PROBLEM STATEMENT: Output every record verbatim, and omit each picture.

((

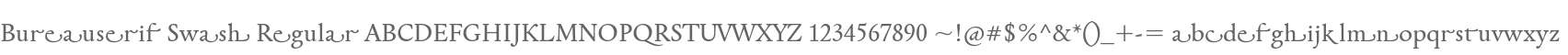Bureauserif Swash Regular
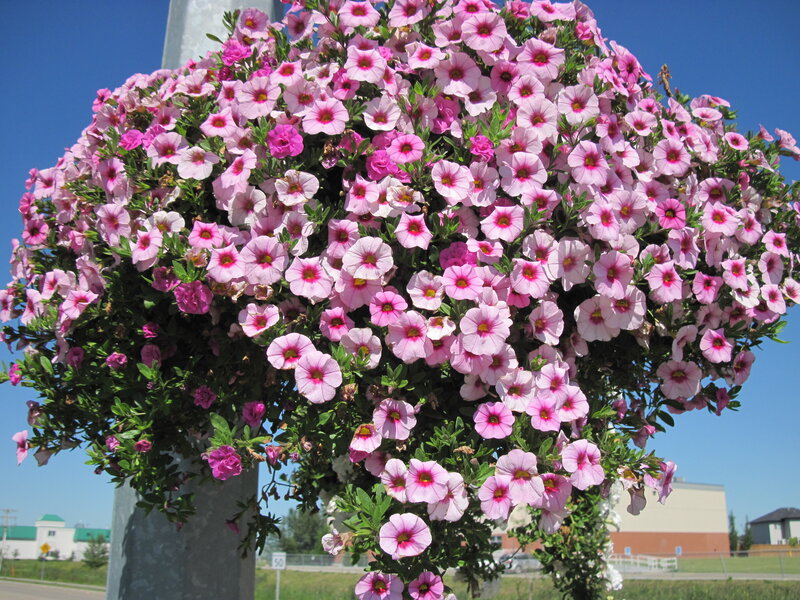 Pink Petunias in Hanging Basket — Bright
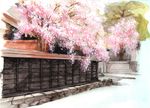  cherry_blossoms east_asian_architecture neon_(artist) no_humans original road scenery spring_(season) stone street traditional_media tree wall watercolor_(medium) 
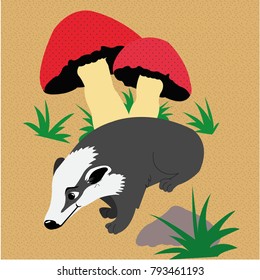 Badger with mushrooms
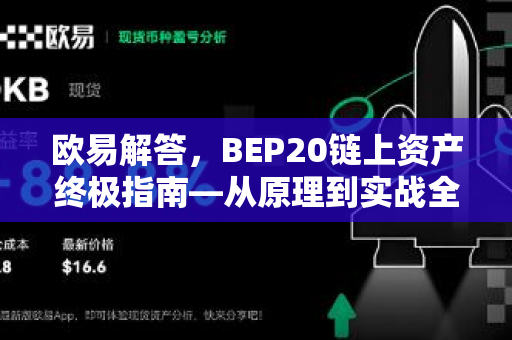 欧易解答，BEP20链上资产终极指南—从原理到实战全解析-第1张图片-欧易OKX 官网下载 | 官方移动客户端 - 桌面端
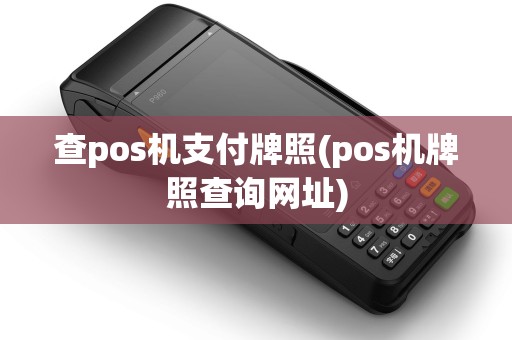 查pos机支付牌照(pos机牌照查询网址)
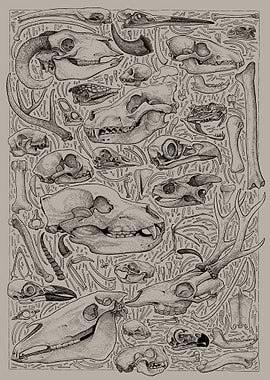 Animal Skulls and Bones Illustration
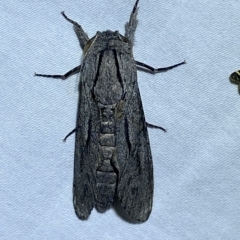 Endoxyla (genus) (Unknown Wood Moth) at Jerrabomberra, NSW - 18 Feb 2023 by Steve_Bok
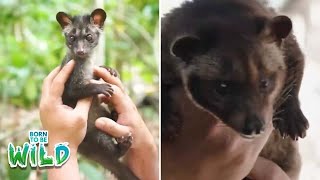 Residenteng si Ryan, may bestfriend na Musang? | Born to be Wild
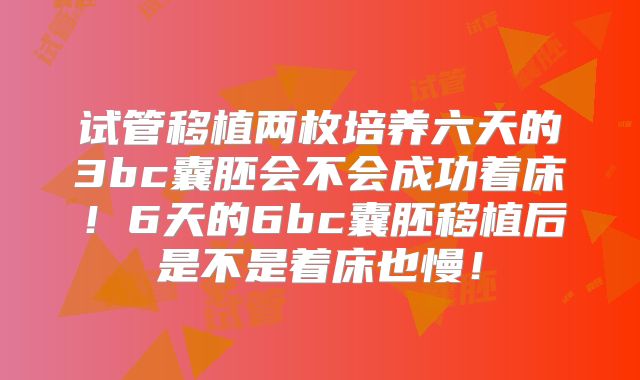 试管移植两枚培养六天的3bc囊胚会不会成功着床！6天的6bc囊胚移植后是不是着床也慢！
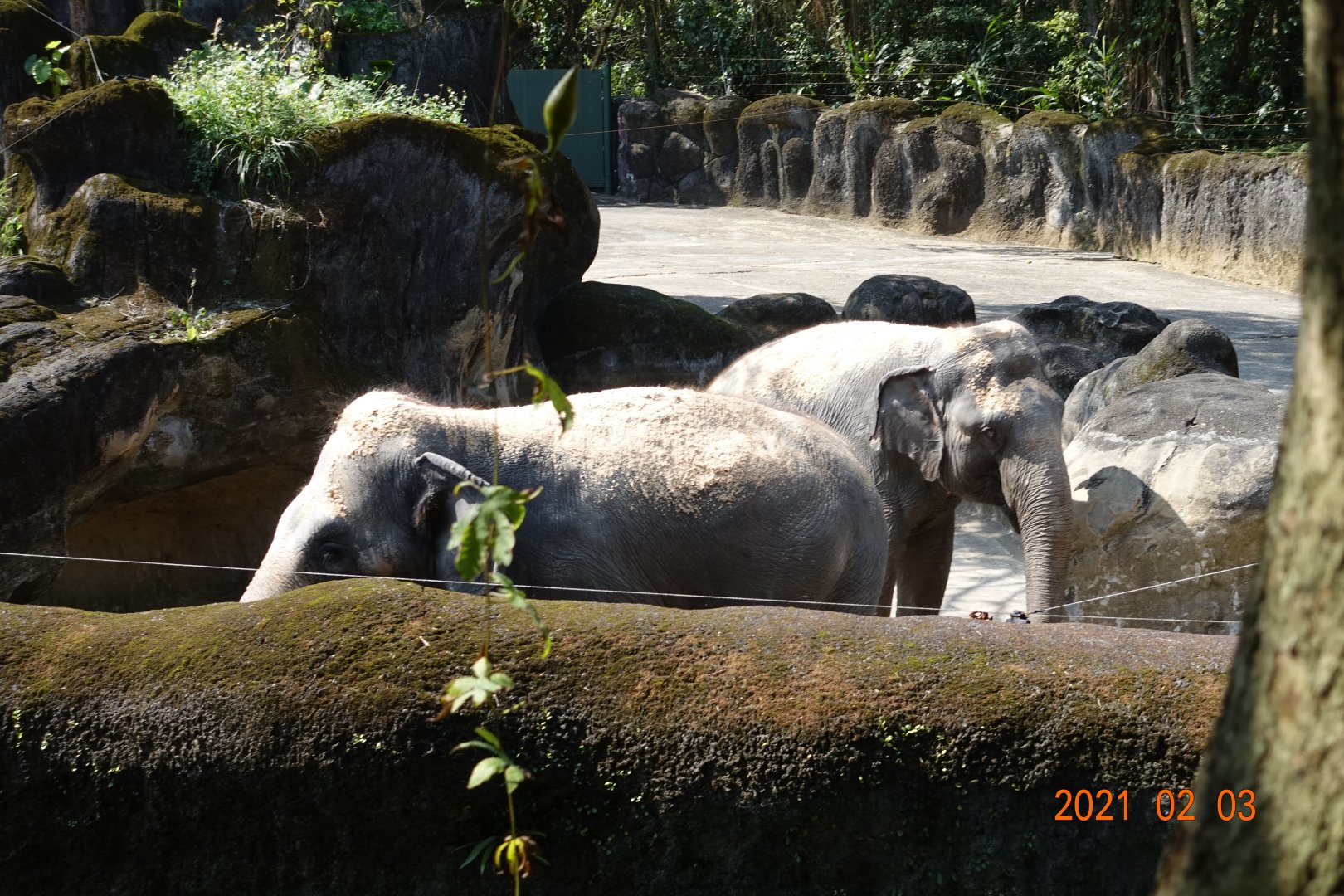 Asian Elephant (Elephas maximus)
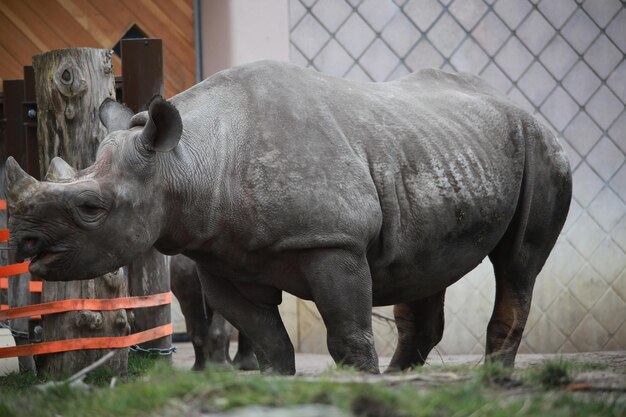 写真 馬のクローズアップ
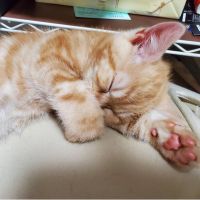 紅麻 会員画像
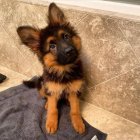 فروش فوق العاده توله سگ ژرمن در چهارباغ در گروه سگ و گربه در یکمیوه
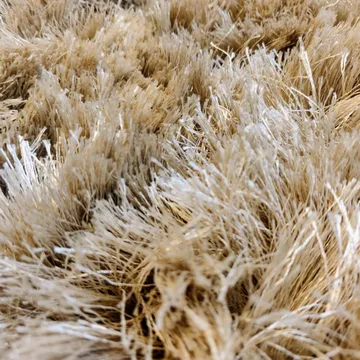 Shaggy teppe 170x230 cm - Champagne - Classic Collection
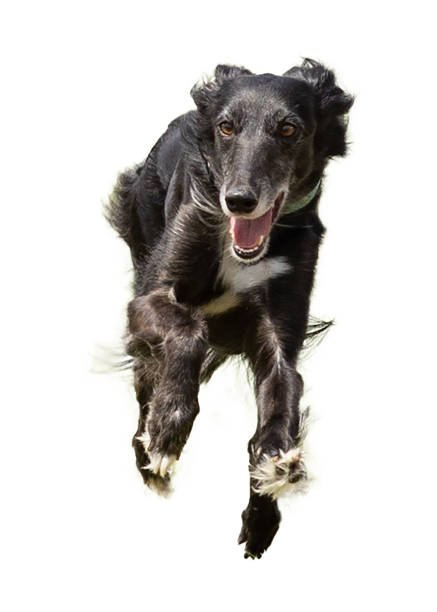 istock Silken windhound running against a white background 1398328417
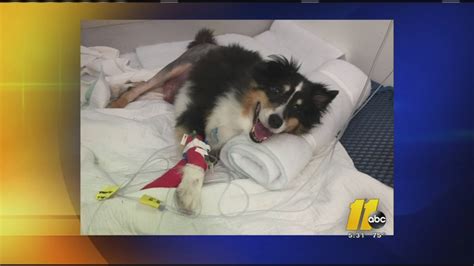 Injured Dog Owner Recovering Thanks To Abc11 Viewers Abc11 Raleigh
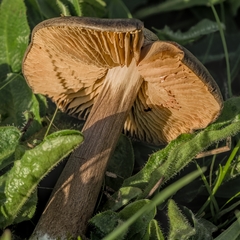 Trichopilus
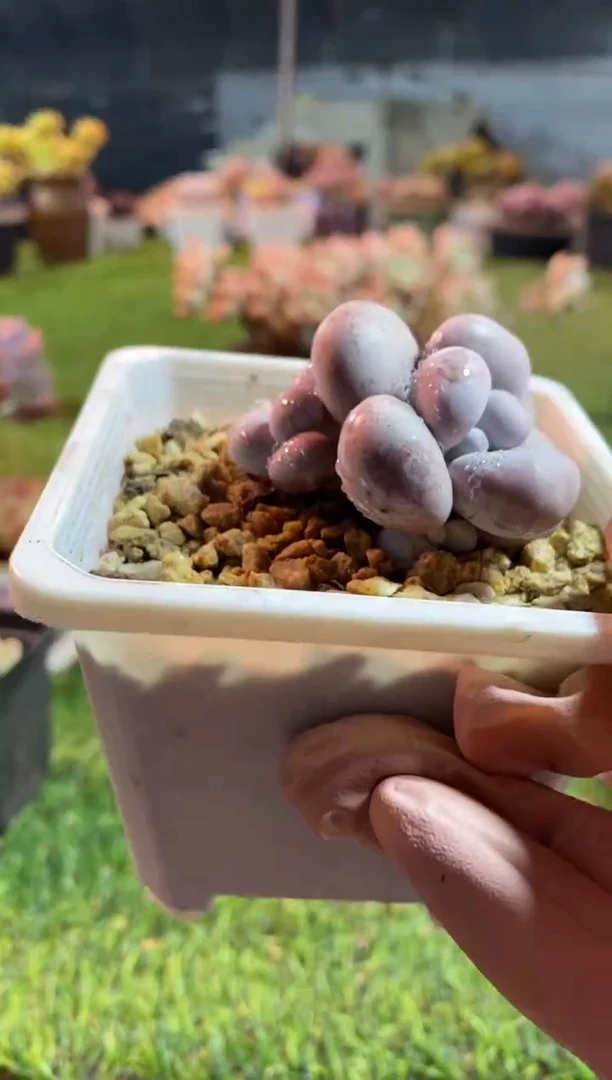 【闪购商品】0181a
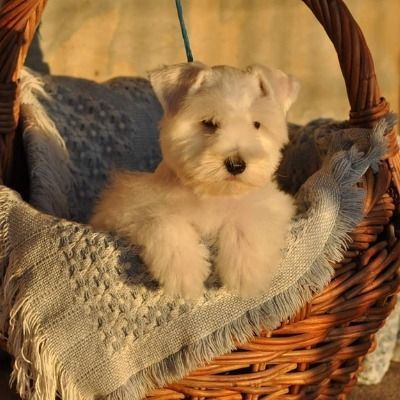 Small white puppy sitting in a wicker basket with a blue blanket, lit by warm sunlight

))

TASK RESPONSE:
Bureauserif Swash Regular
 Pink Petunias in Hanging Basket — Bright
  cherry_blossoms east_asian_architecture neon_(artist) no_humans original road scenery spring_(season) stone street traditional_media tree wall watercolor_(medium) 
 Badger with mushrooms
 欧易解答，BEP20链上资产终极指南—从原理到实战全解析-第1张图片-欧易OKX 官网下载 | 官方移动客户端 - 桌面端
 查pos机支付牌照(pos机牌照查询网址)
 Animal Skulls and Bones Illustration
 Endoxyla (genus) (Unknown Wood Moth) at Jerrabomberra, NSW - 18 Feb 2023 by Steve_Bok
 Residenteng si Ryan, may bestfriend na Musang? | Born to be Wild
 试管移植两枚培养六天的3bc囊胚会不会成功着床！6天的6bc囊胚移植后是不是着床也慢！
 Asian Elephant (Elephas maximus)
 写真 馬のクローズアップ
 紅麻 会員画像
 فروش فوق العاده توله سگ ژرمن در چهارباغ در گروه سگ و گربه در یکمیوه
 Shaggy teppe 170x230 cm - Champagne - Classic Collection
 istock Silken windhound running against a white background 1398328417
 Injured Dog Owner Recovering Thanks To Abc11 Viewers Abc11 Raleigh
 Trichopilus
 【闪购商品】0181a
 Small white puppy sitting in a wicker basket with a blue blanket, lit by warm sunlight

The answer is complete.